With narrow gaps between cards, you need much higher air flow, as found in servers with deafeningly loud multi fan arrays. The more cubic feet per minute you can shift through the case, the better. Liquid cooling would be worth trying.

I initially considered it, but where I am (Poland) it seems available waterblocks for these model cards (gigabyte rtx3090 gaming oc) are way too expensive new and extremely rare used. If I don't manage to improve the air cooling I might just set a lower max power instead (I bought them mainly for their vram, I can live with it being up to 10% slower).
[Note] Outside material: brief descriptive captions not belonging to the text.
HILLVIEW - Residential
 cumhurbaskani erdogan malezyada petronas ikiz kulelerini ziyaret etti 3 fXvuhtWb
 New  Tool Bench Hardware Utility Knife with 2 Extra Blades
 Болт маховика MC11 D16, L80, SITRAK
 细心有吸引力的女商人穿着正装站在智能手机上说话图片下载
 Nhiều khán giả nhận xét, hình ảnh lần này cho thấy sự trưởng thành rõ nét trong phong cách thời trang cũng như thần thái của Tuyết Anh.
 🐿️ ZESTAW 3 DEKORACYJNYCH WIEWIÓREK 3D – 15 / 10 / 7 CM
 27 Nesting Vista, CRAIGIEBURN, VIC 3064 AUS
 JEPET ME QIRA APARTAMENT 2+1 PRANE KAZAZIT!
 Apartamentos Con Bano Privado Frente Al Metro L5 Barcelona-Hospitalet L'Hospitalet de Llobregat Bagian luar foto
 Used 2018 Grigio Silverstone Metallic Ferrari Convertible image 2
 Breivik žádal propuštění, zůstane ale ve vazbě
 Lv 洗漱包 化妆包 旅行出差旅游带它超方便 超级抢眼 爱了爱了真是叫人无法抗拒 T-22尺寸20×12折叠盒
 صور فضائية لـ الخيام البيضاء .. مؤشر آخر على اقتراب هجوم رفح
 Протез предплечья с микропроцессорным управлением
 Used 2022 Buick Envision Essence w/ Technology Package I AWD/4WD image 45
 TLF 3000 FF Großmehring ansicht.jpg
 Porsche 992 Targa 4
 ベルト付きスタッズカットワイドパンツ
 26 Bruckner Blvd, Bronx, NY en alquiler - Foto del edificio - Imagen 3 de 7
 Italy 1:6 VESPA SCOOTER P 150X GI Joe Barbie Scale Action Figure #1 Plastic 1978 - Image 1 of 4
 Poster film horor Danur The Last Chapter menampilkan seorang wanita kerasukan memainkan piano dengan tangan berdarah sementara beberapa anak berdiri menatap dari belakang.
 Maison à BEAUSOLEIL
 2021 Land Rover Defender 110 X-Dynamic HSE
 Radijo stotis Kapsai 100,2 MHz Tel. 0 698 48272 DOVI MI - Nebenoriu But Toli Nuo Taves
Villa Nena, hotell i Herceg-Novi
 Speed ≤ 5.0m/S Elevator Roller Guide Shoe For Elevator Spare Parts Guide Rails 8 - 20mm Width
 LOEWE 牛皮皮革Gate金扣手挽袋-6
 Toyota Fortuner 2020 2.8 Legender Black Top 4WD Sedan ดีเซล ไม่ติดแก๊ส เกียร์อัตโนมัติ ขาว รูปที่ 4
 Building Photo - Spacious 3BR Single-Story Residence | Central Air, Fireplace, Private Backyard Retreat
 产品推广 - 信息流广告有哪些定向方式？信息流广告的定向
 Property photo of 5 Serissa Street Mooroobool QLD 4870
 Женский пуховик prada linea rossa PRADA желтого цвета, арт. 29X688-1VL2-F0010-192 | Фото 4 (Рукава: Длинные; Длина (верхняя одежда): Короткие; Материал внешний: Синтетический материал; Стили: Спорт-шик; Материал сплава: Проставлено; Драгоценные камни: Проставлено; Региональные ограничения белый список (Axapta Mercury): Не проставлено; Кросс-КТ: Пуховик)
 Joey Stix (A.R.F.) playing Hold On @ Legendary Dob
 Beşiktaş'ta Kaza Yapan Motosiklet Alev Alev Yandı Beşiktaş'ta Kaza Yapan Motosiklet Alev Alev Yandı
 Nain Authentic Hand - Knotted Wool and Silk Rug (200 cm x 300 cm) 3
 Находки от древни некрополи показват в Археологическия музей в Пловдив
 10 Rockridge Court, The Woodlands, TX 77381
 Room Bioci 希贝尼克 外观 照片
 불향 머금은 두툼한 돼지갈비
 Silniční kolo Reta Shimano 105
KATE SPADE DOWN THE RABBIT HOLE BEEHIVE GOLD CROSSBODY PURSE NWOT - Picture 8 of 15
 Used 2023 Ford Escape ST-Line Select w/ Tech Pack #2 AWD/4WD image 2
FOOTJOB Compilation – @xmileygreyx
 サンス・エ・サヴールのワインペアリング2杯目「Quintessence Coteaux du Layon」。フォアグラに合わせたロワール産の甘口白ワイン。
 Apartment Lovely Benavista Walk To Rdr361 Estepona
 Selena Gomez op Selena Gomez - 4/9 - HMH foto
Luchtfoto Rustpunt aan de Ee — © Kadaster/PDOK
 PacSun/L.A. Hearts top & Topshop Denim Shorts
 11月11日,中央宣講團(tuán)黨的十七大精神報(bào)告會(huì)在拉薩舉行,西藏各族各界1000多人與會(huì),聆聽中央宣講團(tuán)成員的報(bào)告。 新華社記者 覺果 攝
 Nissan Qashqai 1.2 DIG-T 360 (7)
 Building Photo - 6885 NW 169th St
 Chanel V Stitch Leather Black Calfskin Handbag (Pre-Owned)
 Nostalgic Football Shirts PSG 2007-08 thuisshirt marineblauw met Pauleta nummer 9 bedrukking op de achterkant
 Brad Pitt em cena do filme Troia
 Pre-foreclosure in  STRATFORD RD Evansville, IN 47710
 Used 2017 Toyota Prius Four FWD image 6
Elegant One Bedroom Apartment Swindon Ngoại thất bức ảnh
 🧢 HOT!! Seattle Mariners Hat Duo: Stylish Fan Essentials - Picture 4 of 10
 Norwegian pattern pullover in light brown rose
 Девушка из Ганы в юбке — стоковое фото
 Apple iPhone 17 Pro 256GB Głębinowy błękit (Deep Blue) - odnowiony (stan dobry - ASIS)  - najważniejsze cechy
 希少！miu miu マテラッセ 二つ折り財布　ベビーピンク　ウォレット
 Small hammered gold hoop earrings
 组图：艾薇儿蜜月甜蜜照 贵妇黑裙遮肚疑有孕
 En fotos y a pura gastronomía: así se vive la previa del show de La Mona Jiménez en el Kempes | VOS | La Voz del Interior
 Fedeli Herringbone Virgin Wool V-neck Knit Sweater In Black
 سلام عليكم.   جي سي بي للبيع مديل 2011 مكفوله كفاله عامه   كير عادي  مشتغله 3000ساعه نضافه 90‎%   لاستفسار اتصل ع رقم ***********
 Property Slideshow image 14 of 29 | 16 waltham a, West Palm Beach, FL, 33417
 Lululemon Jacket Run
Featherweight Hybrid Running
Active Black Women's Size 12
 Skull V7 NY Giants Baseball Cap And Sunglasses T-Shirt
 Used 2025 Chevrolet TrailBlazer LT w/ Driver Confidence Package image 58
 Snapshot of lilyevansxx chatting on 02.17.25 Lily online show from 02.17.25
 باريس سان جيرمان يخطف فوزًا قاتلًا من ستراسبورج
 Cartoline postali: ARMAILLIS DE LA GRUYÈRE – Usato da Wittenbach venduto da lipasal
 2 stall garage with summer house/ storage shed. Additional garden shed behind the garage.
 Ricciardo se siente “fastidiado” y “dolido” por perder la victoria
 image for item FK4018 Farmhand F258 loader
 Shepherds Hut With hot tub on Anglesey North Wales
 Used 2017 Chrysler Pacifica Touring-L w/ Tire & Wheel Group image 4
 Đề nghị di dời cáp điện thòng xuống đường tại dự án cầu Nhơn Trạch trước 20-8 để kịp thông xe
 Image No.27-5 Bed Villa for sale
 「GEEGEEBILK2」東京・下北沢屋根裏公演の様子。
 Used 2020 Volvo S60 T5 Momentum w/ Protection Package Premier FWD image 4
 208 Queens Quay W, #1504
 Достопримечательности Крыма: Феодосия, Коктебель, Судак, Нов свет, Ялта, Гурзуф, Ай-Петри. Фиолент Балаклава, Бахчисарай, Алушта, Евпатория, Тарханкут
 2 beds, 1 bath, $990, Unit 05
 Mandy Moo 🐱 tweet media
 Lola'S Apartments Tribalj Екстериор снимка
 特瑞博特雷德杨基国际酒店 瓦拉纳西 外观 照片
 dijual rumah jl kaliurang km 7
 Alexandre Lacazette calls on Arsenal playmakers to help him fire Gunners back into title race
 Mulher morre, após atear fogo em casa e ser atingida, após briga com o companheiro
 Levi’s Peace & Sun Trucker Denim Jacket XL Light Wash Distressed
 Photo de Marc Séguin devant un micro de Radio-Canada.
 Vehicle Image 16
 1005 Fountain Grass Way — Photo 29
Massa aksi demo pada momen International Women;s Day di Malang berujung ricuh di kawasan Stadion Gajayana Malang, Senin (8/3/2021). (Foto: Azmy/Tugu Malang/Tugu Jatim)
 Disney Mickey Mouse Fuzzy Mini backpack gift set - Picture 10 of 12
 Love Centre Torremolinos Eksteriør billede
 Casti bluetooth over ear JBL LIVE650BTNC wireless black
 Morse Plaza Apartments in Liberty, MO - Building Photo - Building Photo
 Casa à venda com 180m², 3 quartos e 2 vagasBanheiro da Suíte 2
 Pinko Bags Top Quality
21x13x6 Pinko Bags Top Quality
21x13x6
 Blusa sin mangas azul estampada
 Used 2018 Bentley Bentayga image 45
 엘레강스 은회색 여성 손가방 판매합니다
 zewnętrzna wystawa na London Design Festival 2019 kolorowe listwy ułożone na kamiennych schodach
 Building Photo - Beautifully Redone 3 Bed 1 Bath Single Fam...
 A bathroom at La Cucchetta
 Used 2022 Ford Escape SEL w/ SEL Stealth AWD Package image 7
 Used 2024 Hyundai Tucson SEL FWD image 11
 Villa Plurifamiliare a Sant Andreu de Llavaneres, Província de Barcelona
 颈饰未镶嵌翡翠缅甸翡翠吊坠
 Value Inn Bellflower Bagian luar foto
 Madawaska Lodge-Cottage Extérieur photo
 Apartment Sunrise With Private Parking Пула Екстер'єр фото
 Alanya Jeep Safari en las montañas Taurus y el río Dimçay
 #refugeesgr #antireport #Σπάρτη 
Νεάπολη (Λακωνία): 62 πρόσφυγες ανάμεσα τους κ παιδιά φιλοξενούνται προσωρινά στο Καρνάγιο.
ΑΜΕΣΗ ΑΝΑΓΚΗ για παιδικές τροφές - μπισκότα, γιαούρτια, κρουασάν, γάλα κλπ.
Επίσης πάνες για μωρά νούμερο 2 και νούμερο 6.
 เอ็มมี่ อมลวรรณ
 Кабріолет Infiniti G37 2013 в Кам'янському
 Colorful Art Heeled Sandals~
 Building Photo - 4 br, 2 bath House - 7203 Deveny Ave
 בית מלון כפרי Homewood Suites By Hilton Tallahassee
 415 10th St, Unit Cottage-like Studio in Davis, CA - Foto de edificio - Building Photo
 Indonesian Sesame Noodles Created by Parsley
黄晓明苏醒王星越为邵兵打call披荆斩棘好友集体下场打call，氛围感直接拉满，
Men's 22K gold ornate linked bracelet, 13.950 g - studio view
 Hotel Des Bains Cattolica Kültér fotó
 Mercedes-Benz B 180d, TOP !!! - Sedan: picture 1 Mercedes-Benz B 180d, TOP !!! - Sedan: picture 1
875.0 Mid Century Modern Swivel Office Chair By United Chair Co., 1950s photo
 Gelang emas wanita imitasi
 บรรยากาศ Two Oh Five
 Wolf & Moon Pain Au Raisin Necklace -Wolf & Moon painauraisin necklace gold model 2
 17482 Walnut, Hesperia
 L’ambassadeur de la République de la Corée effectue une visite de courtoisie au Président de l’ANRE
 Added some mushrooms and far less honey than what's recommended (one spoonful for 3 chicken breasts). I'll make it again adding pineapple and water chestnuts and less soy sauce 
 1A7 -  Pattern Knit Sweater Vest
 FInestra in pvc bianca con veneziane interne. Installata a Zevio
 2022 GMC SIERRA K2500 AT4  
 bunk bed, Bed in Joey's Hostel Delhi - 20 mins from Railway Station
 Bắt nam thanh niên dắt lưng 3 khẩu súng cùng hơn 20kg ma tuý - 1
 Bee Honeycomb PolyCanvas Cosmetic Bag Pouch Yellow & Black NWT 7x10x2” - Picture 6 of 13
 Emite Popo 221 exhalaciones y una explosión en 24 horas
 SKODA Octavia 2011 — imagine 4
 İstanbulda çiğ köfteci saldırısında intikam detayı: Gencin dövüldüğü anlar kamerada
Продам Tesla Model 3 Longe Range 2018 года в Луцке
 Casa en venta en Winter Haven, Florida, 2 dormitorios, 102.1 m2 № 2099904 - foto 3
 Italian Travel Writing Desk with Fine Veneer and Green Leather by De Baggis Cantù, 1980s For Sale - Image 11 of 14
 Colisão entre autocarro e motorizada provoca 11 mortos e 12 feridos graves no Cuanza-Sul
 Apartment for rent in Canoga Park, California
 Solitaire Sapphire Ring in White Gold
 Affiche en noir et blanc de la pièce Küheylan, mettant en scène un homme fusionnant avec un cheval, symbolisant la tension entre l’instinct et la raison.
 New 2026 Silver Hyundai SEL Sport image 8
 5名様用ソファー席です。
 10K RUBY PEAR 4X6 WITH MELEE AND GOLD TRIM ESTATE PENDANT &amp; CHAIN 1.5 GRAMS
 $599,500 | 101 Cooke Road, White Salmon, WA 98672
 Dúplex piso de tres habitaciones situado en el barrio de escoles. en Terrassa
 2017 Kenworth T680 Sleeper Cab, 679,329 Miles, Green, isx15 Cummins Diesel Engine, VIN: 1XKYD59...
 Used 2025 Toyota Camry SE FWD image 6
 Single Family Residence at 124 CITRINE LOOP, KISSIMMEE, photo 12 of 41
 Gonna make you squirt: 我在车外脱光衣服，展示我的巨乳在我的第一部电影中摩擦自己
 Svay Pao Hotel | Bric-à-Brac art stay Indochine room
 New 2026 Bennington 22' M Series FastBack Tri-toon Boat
Gigabyte-G481-S80-Liquid-Cooled-by-Asetek-GPUs.jpg


Upgrade all the case fans to the highest cfm versions available, then set them to full speed and you might drop a few degrees. You may not be able to live with the noise, but the cards will run slightly cooler.
This desktop is in its own room I work in, so it doesn't have to be super quiet, but I had the "pleasure" of working on a server on a bench next to me, so I know how tiring such noise can be long term. So far the fans I have (these are all thermaltake fans that came with the case and corsair fans that came with my aio) are really quiet. I only start really noticing them above 1200rpm. I think I'll definitely get 2 more fans, but I'm thinking about something quiet like be. quiet silent wings 4. I'd prefer if they had rgb, but it seems every rgb fan I checked specs of was much worse in terms of noise.